### YOUR GOAL
Nothing but the lines from the one containing "IPL epilator CONCEPT IL3020 PERFECT SKIN IPL" to the end of the records that follow should be transcribed, each exactly, with the pictures left out.

--- START ---

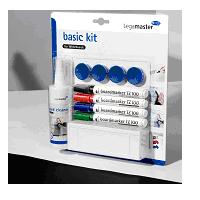 Jeu d'accessoires Basic Kit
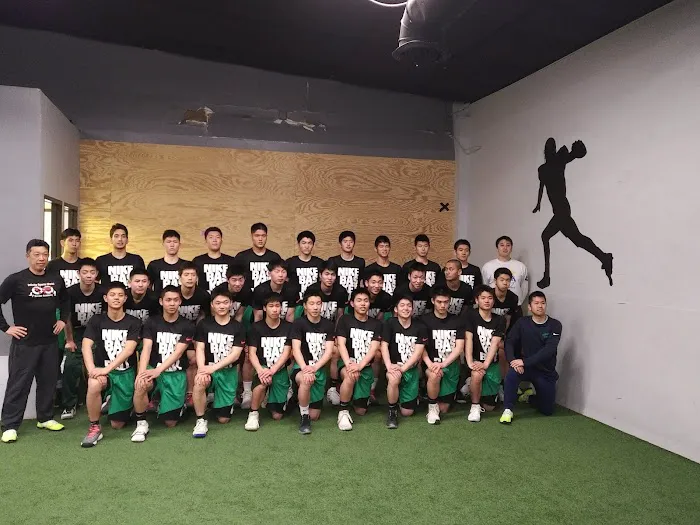 Infinite Sports World Picture 6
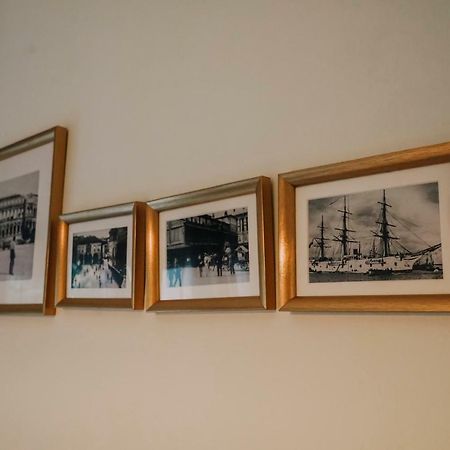 Apartman Bacchus プーラ エクステリア 写真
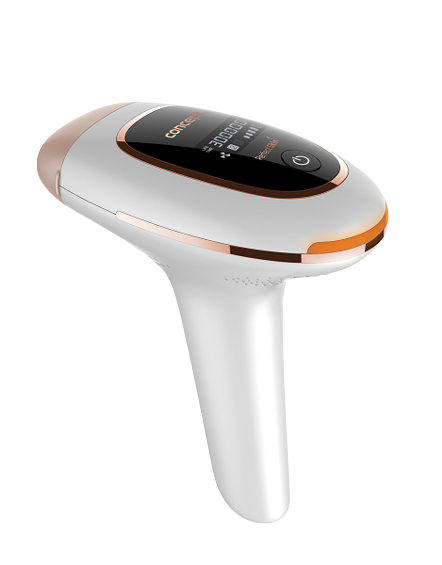 IPL epilator CONCEPT IL3020 PERFECT SKIN IPL epilator CONCEPT IL3020 PERFECT SKIN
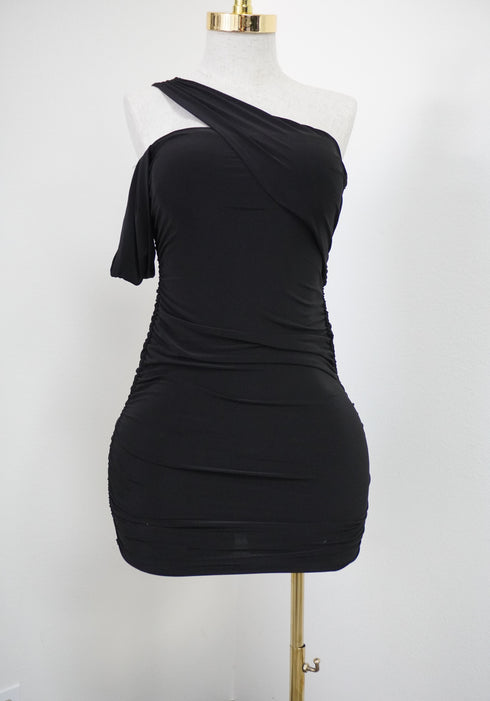 Briana Mini Dress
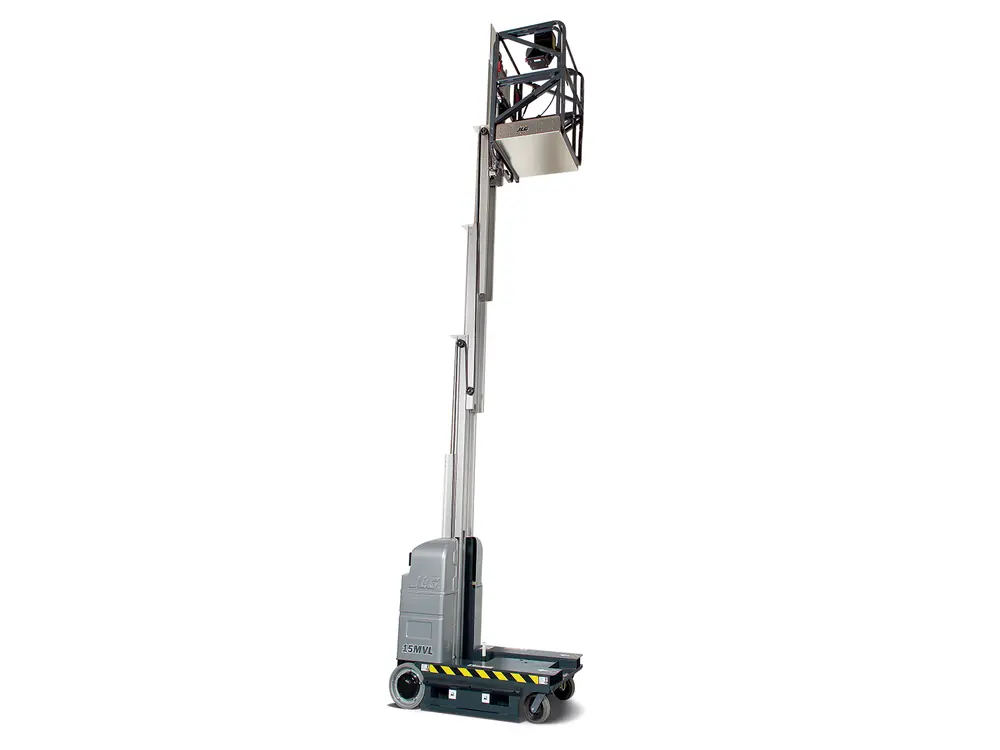 JLG 15MVL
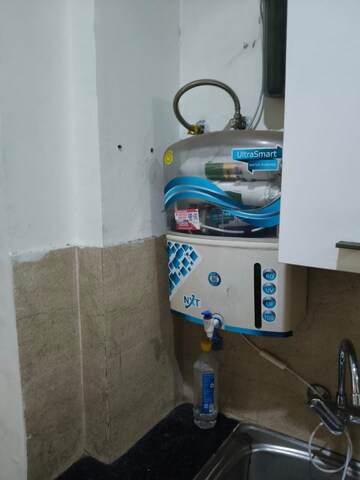  3 BHK Apartment at Alliance The Eminence, Singhpura – for Rent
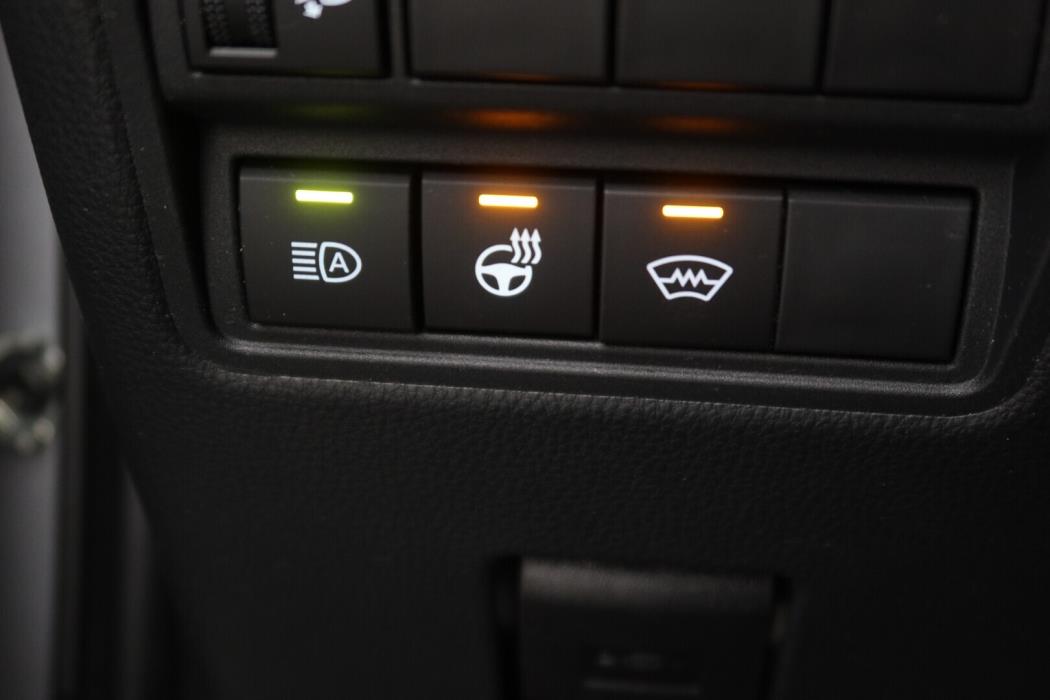 TOYOTA Yaris Cross 2025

--- END ---

### SOLUTION TO THIS EXERCISE
 IPL epilator CONCEPT IL3020 PERFECT SKIN IPL epilator CONCEPT IL3020 PERFECT SKIN
 Briana Mini Dress
 JLG 15MVL
  3 BHK Apartment at Alliance The Eminence, Singhpura – for Rent
 TOYOTA Yaris Cross 2025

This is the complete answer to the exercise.